[GIVEN DATA — start]
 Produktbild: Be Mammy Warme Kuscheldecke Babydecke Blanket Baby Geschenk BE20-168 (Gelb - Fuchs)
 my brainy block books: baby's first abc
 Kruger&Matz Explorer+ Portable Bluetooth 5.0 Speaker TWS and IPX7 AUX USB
[GIVEN DATA — finish]
[GIVEN DATA — start]
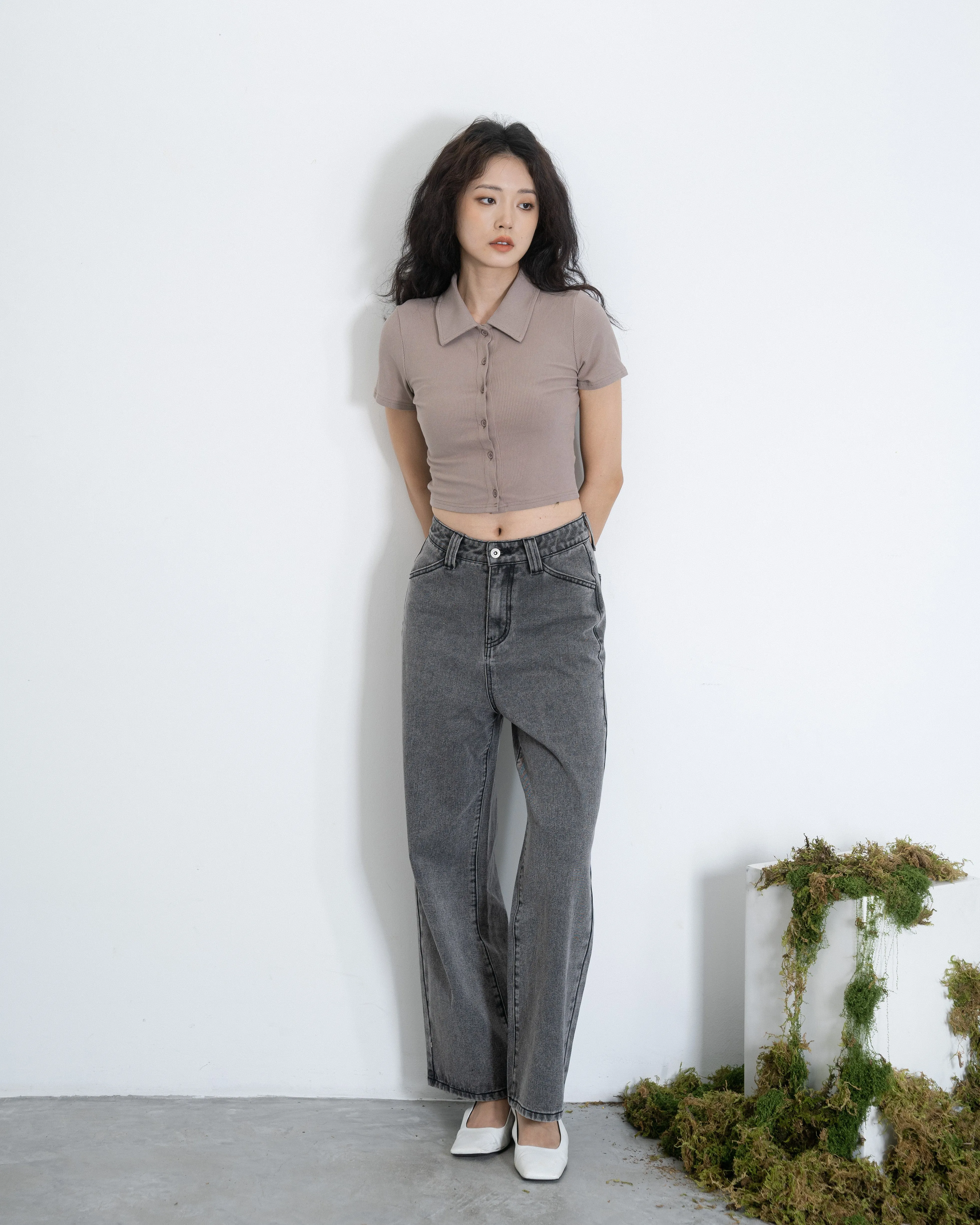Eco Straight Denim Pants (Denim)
[GIVEN DATA — finish]
> **ASSIGNMENT**
Give back, word for word, only the lines above from the line holding "Produktbild: Be Mammy" to the line holding "Kruger&Matz Explorer+ Portable", both included.

> **EXERCISE RESULT**
 Produktbild: Be Mammy Warme Kuscheldecke Babydecke Blanket Baby Geschenk BE20-168 (Gelb - Fuchs)
 my brainy block books: baby's first abc
 Kruger&Matz Explorer+ Portable Bluetooth 5.0 Speaker TWS and IPX7 AUX USB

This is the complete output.